Opera, a browser used by 9 people, wanted a so called ballot screen that would allow the user to select a browser from those available and download it. Let's see, hows that again? They want to force Microsoft to write a program to promote everyone else's browser and include it in Windows 7?

Apparently, Microsoft has wimped out and agreed to do this. I think it is a horrible precedence. They need to tell the EU to perform an unnatural act upon themselves.

Forcing ANY company to promote other companies products is just wrong!

Come this winter, in Europe, IE will still have 60+% of the browser Market, Firefox will have most of the rest, Google will get some and Opera will have 12 users. The world will sleep easier.

Larry


----------



## Greg Alsobrook (Apr 2, 2007)

LarryFlowers said:


> Opera, a browser used by 9 people,


!rolling

I don't think it's about promoting other browsers... It's about giving people a choice... As long as IE is on that list, what's the big deal?? Many people will still pick IE... because it's the name they know... and they don't know any better...

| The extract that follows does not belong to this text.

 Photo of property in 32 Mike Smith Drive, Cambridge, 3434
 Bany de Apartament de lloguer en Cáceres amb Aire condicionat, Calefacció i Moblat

Ahh well... The world goes on...


----------



## Steve (Aug 22, 2006)

Given where internet revenues are derived from, browser choice is really not that much different than Microsoft offering a choice of default search engine providers when you first fire up IE8, is it?

After today's search alliance with Yahoo, I'll bet offering a default competitor's search engine choice is an equally tough one for Microsoft.

That said, props to Google for offering the option to make Bing or Live Search the default for Chrome. I was really surprised to see that show up as one of their basic set-up options.


----------



## LarryFlowers (Sep 22, 2006)

NO company should be forced to promote anyone elses product. The EU wants IE left out of the OS, that's fine. Force them to include competitve products? No Way! Next they will wanted every copy of Office 2007 shipped with a copy of Open Office. Or maybe they will want Chevy Truck Dealers to put Ford pickups on their lots...

Give people a choice, just don't force Microsoft to provide it. It is a dangerous precedent.

If Steve Balmer was handy, I'd kick his butt for agreeing to this.



Greg Alsobrook said:


> !rolling
> 
> I don't think it's about promoting other browsers... It's about giving people a choice... As long as IE is on that list, what's the big deal?? Many people will still pick IE... because it's the name they know... and they don't know any better...
> 
> Ahh well... The world goes on...


----------



## HDJulie (Aug 10, 2008)

Who decides which browsers to offer as a choice? Are the ones discussed (IE, FF, Safari, Opera, & Chrome) the only options or are there other weird browsers out there & if so, will they be offered as options.


----------



## hdtvfan0001 (Jul 28, 2004)

Perhaps the time has come for Microsoft to adopt a "Region" concept for their OS products, much like is done in the DVD/Blu Ray world...

That would allow them the ability to provide world-region variances, and also cut off any areas of the world ruled by morons like in Europe.


----------



## SayWhat? (Jun 7, 2009)

LarryFlowers said:


> Opera, a browser used by 9 people, wanted a so called ballot screen that would allow the user to select a browser from those available and download it.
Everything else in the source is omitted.